Web page caption snippets:
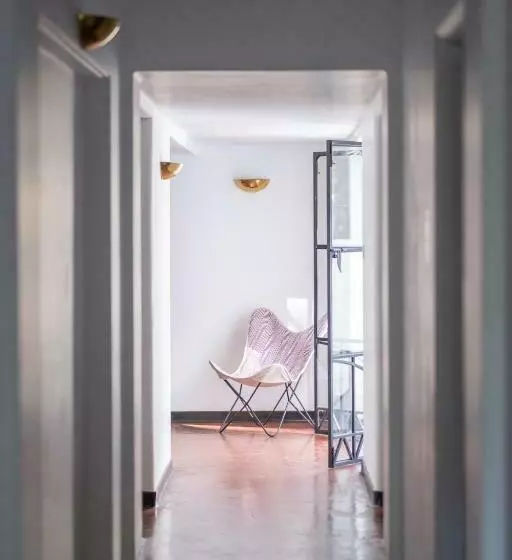 Hotel Abode Ahangama
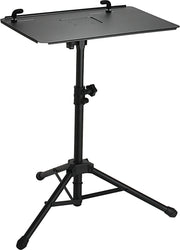 Roland SS-PC1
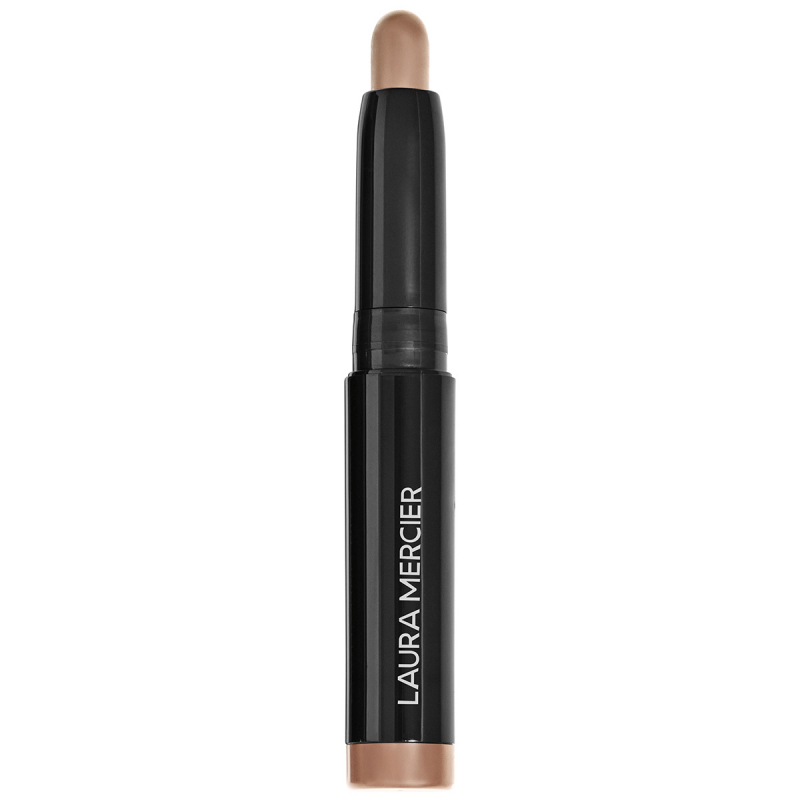 Laura Mercier Caviar Stick Eye Colour Travel Size Au Naturel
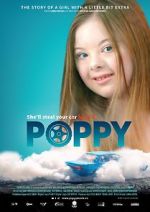Watch Poppy Movie2k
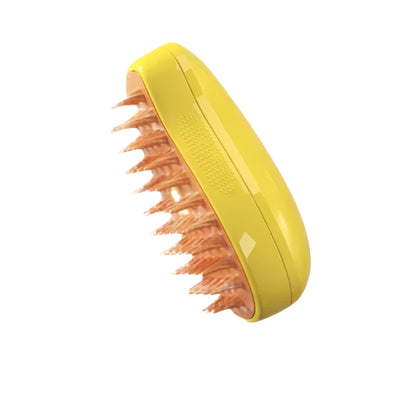 PetEase Grooming Brush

ASSIGNMENT:
All preceding records should be duplicated verbatim, images excepted.

PROBLEM SOLUTION:
 Hotel Abode Ahangama
 Roland SS-PC1
 Laura Mercier Caviar Stick Eye Colour Travel Size Au Naturel
Watch Poppy Movie2k
 PetEase Grooming Brush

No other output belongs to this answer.